По изд.: Ницше Ф. Рождение трагедии. Сост., общ. ред., коммент. и вс. ст. А.А.Россиуса. - М.: Ad Marginem, 2001. - С.350-355

 

Die geburt der tragödie aus dem geiste der musik. Von Friedrich Nietzsche, ordentlichem professor der classischen philologie an der Universität Basel. 8. Leipzig, verlag von E. W. Fritzsch, 1982.

Для предварительной ориентировки сразу же заметим, что вышеназванная работа хотя и исходит из греческой древности, однако по преимуществу все же служит прославлению Рихарда Вагнера. Сам Ницше в предисловии говорит, что над чем бы он ни размышлял, он общался с Вагнером как с присутствующим рядом и решался заносить на бумагу лишь то, что отвечало такому его присутствию. Что ж, это ему удалось! Вагнеровский образец узнаешь и в понимании греческой трагедии, и во многих иных эстетических суждениях, и в высокопарном стиле, но особенно в манере отзываться о заслугах других лиц. О своей собственной науке, о филологии, Ницше говорит весьма пренебрежительно, — ему представляется, будто наша наука классической древности, выступающая столь горделиво, до сих пор питалась лишь театром теней и всякого рода внешними вещами; филологи для него — это бездумные корректоры старинных текстов или естествоиспытатели, разглядывающие язык через микроскоп; эстетики заслуживают в его глазах еще меньшего снисхождения. Все по- [350]ведение автора позволяет предположить, что он имеет сообщить нечто исключительно новое, неслыханное.

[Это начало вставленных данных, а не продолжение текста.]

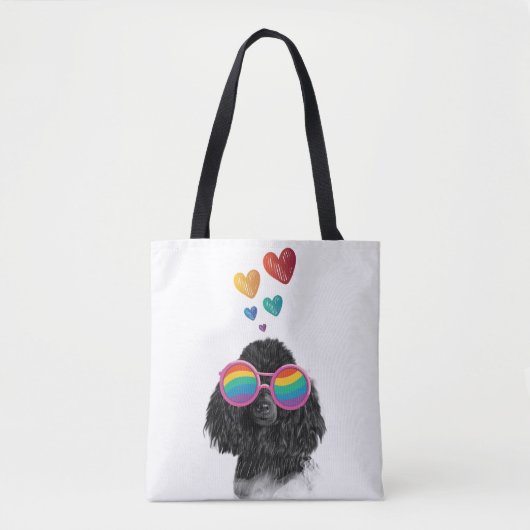 Tote Bag Chien Caniche avec coeurs Saint-Valentin (Devant)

Развитие искусства связано, согласно нашему автору, с двойственностью аполлинийского сновидения и дионисийского похмелья, причем первый принцип господствует в гомеровском эпосе, второй — в лирике, трагедия же вышла из объединения первого и второго. Новизна заключается здесь в странности наименований, в особенности же в мистических добавках, которыми простая истина окружена так, что ее трудно выделить из них. Насколько же неудачно само сопоставление со сном и похмельем, едва ли необходимо особо упоминать. В каждом из этих состояний высшие силы духа связаны и парализованы, между тем как замысел художественного творения нуждается в высшем состоянии души, когда все силы, могущие действовать лишь по отдельности, — ушевность, фантазия и рассудок, — непостижимым образом соединяются в чистый аккорд. Мы не намерены пускаться сейчас в то объяснение этих состояний, какое дает наш автор, — этим пусть позабавятся медики; только чтобы показать, сколь серьезно приступает к этим вещам автор, приведем то, что пишет он о сновидениях греков: "Никак не возможно обойтись без того, чтобы и для сновидений их допустить логическую причинность линий и контуров, групп и цветов, некую последовательность сцен, подобную их лучшим рельефам, совершенство которых несомненно дало бы нам право, будь только сравнение тут возможно, назвать греков, видящих сны, Гомерами, а Гомера — видящим сны греком" {2 с.}.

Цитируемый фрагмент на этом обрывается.